Stumbling Attempt To Socialize At Family Reunion Results In Commitment To Organize Next Reunion

stumbling attempt at family reunionPiedmont, Ga. – Susan Bradbury, a warmhearted yet reclusive member of the Bradbury family made an ill-conceived and stumbling impromptu attempt to socialize during her family’s annual reunion Sunday – a move Bradbury fears may have committed her to organizing the following year’s reunion party, a project with which she harbors no desire to be involved.

“I was just trying to make my presence known, so at least people could confirm that I was there before I cut out early,” said Bradbury, who admitted to routinely being tongue-tied when it comes to making conversation with relatives in a party atmosphere. “Unfortunately, during my half-hearted attempt to make small talk I apparently blurted out some insane nonsense about how much fun it must be to organize the reunion – you know, doing all of the planning and everything. Before I knew it I had been elected to organize next year’s reunion. I was like, ‘Okay, what just happened here?’”

Bradbury said that the person most responsible for forcing the reins of next year’s reunion into her hands was Sandy O’Donnell, a distant cousin who had been in charge of organizing the reunion for the last four years.

“All I said was that I had once designed some [party] invitations and Sandy was all like, ‘Really? Because that’s basically all there is to it, and we need somebody to organize next year’s reunion. Why don’t you give it a try?’” said Bradbury, mimicking O’Donnell’s high-pitched voice. “The next thing I know she’s standing in front of all of these people asking me if she can e-mail me the list of family members’ addresses and the phone numbers of some banquet halls and all sorts of other stuff.
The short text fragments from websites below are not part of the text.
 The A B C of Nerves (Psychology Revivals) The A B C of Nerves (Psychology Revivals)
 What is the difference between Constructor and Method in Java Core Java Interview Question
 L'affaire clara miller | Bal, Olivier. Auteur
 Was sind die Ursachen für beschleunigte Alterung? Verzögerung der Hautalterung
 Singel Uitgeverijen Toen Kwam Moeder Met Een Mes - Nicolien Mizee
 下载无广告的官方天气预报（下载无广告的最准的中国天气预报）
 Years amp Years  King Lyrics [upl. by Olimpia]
Everybody was looking at me. There was nowhere to run. I was completely cornered.”

Bradbury claimed that although she doesn’t recall ever officially agreeing to organize the 2007 Bradbury Reunion – adamantly insisting that she used the word “maybe” exclusively in her limited responses to O’Donnell’s forceful suggestion – she now believes she is committed to spearheading the project.

“I think I’m pretty much screwed because word has gotten around among the family that I’m in charge for next year,” said Bradbury. “I’ve already run into a few relatives that have said, ‘So, I hear you’re hosting next year’s reunion,’ or something to that effect. I have no idea how I could get out of doing it now. It’s not like someone’s going to offer to take the job off my hands.”
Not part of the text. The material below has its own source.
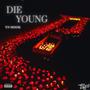 Die Young (Explicit)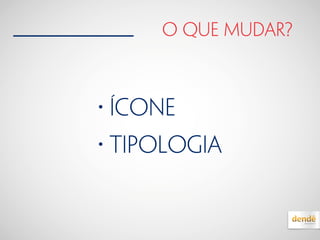 o que mudar?
• ícone
• tipologia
Bradbury admitted that although she will most likely carry out the organizational duties for the 2007 reunion, she bears no intention of repeating the task for a second year.
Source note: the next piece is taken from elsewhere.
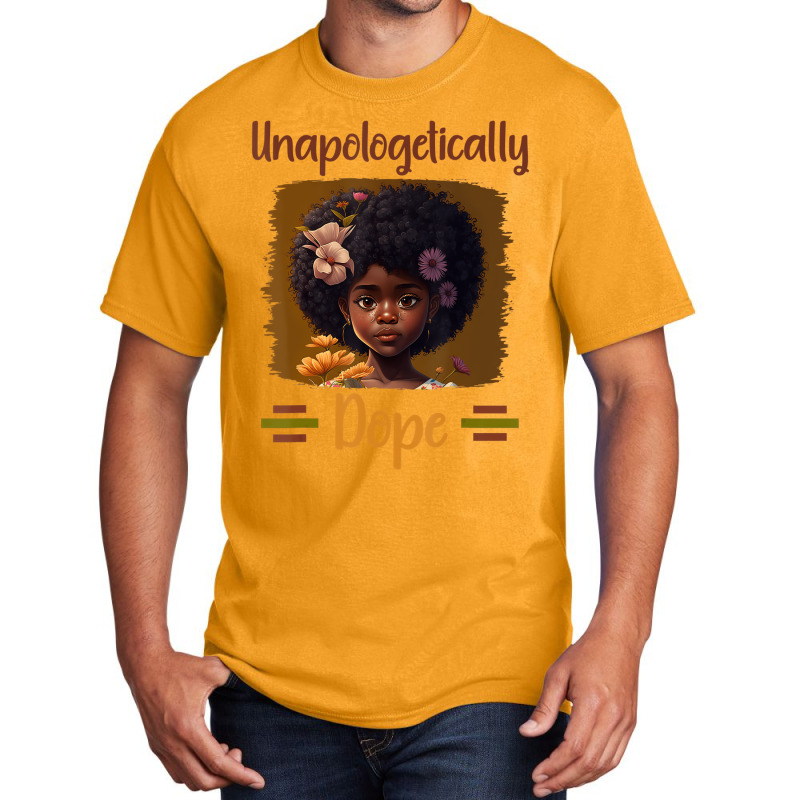 Unapologetically Dope Black Afro Girl Black Histor Basic T-shirt by tahon | Artistshot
“I’ve already been trying to think of a way of handing off the job to somebody else at next year’s party, probably much like the way Sandy did it to me,” said Bradbury. “If I can find somebody to volunteer, great, but one way or another, believe me, there’s no way in hell I’m getting stuck with this baton for another lap around the track. It’s getting shoved into somebody’s hand, whether they like it or not.”